La explicación podría estar, según el estudio, en que los que
producen el spam. Ellos saben que, estadísticamente, existen más
nombres que empiezan por ´a´, ´m´ o ´s´ en el Reino Unido y como su
objetivo es que sus mensajes lleguen al mayor número de personas
posible, configuran su correos para que den prioridad a los nombres más
comunes.
Según informa la página web de la BBC, las direcciones de correo
electrónico que comienzan por las letras A, M o S reciben un 40% de
spam, mientras que aquellos que eligieron la Q o la Z para sus
direcciones sólo reciben un 20%.
Sobre la tipología de los spams, todavía no se ha llegado a ninguna
conclusión. Sus correos bombardean a todo tipo de usuarios con ofertas
como adelgazar en tiempo récord, relaciones sexuales mucho más
placenteras o títulos universitarios de saldo.
La cuestión del spam ha dejado de ser sólo una molestia para
convertirse en un delito. Las leyes estadounidenses exigen a aquellos
que envían mensajes no solicitados que incluyan un mecanismo para que
los destinatarios les informen de que no quieren recibir su
correspondencia.
Por otro lado, estas leyes son una de las medidas más importantes,
en relación a Internet, aprobadas durante la administración Bush, ya
que alienta a la Comisión Federal de Comercio a crear una lista de
remitentes de correo basura y prevé penas de hasta 5 años de cárcel,
aunque sólo “en circunstancias especiales”.

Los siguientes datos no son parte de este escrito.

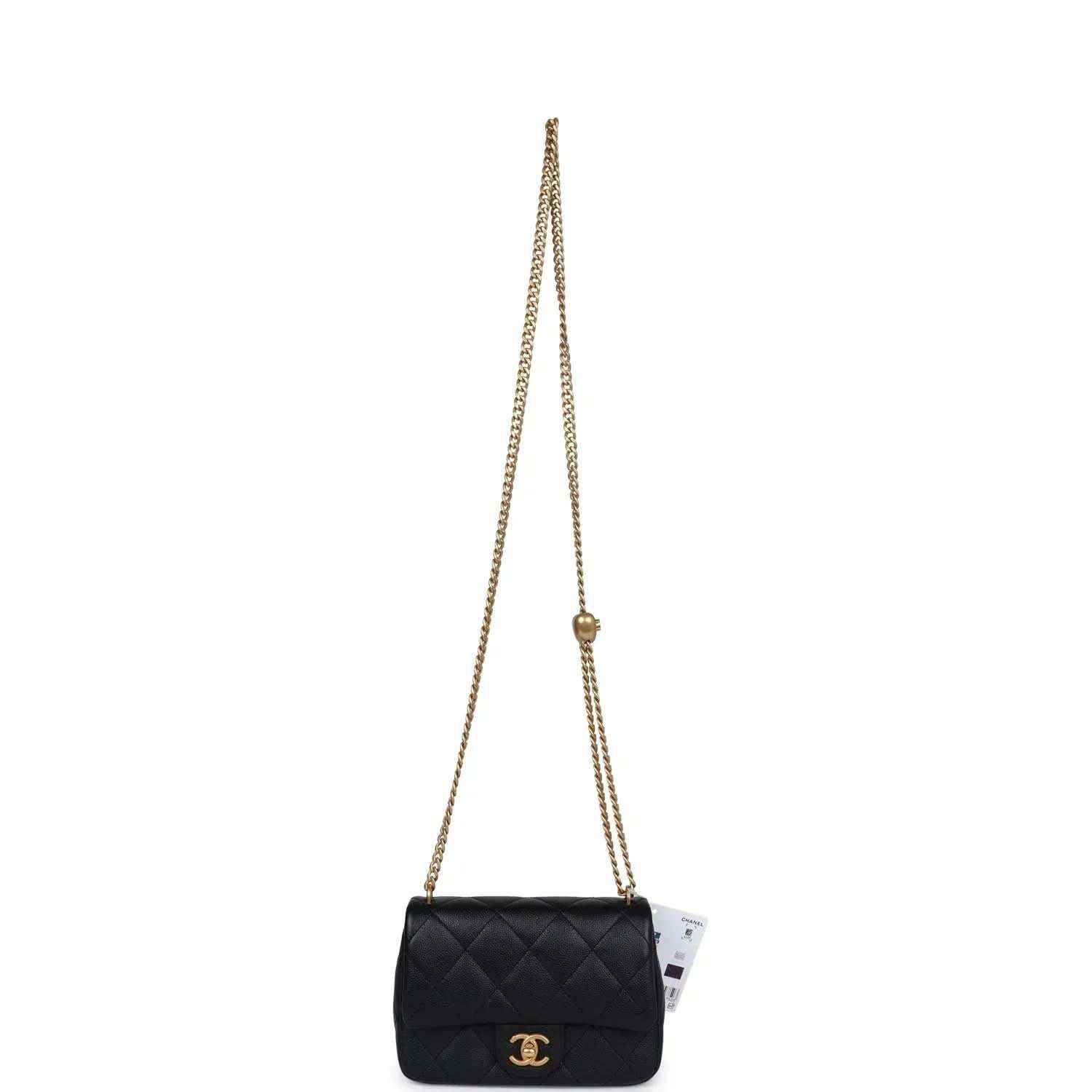 Black quilted mini flap bag on long gold chain strap.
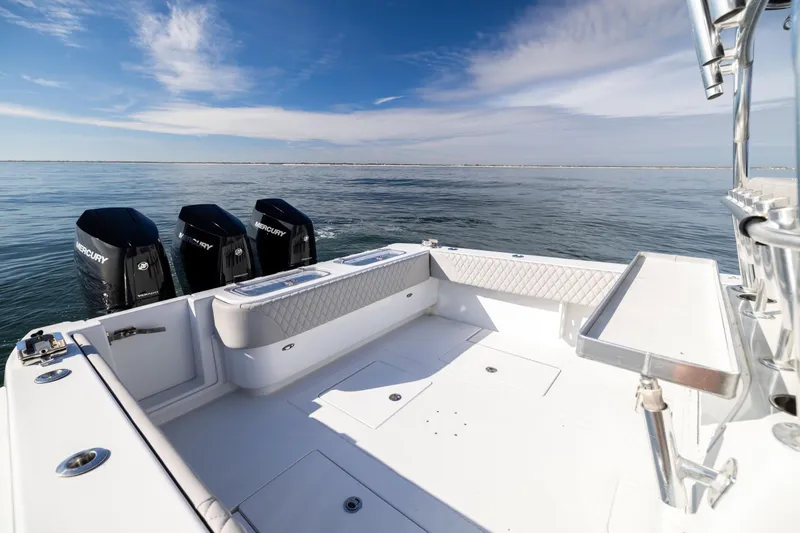 Slide: The Image of 2016 Contender 39 ST boat with triple Mercury engines on calm ocean. - 21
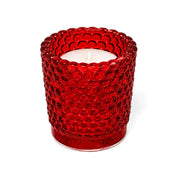 Red hobnail glass votive holder with white candle on white background - thumbnail number 2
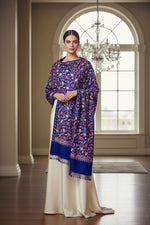 A blue colour pashmina scarf with Kashmiri embroidery in a floral pattern, featuring tassels on the ends.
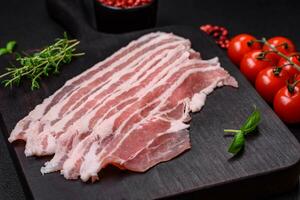 färsk rå bacon skära in i skivor med salt, kryddor och örter foto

Si se conoce las direcciones preferidas de los spamers se podrá
evitar una parte de la molestia que generan y si se conoce la
metodología concreta que emplean para seleccionar a sus víctimas de
correos basura entonces se podría terminar con las molestias de muchos
internautas. Por otro lado, las penas previstas por la administración
Bush deberían disuadir a los que siguen creyendo que “reventar” los
buzones con correos no deseados es sólo una forma de hacer publicidad.